Hello, is there a way to watch folders for changes and then trigger organize
?
This is not integrated into organize itself, but a solution might be available for your OS:
- linux:
inotifywait
(https://askubuntu.com/a/819290) - macOS:
fswatch
(https://stackoverflow.com/a/25524053/300783) - windows:
Watch 4 Folder
(https://www.raymond.cc/blog/3-portable-tools-monitor-files-folders-changes/)
But this is something that could be interesting for a lot of users. So thank you for the suggestion, I added to the todo list 👍
I'm currently looking for a moving solution on my unraid server and this would be a great thing to have. thinking about making a docker for this so it runs whenever a file changes and/or periodically.

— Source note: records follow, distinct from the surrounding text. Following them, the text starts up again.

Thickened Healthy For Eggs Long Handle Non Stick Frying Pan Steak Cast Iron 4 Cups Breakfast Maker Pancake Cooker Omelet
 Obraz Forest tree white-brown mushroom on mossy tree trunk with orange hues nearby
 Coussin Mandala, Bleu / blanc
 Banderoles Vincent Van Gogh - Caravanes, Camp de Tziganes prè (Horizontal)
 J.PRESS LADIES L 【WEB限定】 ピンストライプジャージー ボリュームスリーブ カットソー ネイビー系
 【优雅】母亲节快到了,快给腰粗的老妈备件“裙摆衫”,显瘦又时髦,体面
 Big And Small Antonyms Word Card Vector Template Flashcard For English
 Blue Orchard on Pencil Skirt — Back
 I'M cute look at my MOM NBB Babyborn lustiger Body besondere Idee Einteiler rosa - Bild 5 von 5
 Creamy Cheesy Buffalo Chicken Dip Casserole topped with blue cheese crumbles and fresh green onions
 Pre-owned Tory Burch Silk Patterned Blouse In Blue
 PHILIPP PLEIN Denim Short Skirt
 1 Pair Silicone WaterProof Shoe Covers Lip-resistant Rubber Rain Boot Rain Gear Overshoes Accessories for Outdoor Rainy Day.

@martinjuhasz I took a first stab at Dockerizing Organize for exactly the same reason. You can find the image here: https://hub.docker.com/r/dskaggs/docker-organize
@dskaggs cool, thanks for the effort. will absolutely give it a try. would love to see the ability to use inotifywait
instead of a regular cron so i get my files instantly moved when ready. i can give it a try, but have not too much time currently. i also don't know how much overhead it is running it f.e. every minute.
@martinjuhasz I'll see what I can do. Feel free to comment here: https://github.com/dskaggs/docker-organize/issues/1
Some code examples for how to get this working under each OS would be really helpful here. I've been tinkering with this on Linux and actually had more luck with inotify-hookable
than inotify-tools
.
inotify-hookable
can be installed via most package managers. I'm on Kubuntu and so just used sudo apt install inotify-hookable
.
Basic docs: https://metacpan.org/pod/App::Inotify::Hookable
# ~/.bash_profile
inotify-hookable -w ~/Downloads -c "organize run" --no-r &
-
-w ~/Downloads
Watches my~/Downloads
directory. -
-c "organize run"
sets up the command to run when a file in my watched directory is modified. -
--no-r
disables recursive watching which is enabled my default. -
&
runs the process in the background (omitting this gave me troubles logging back in, naturally).
Loving organize btw. Just started messing around with it yesterday. As a previous macOS Hazel user this is an itch I've been looking to scratch on Linux for some time :)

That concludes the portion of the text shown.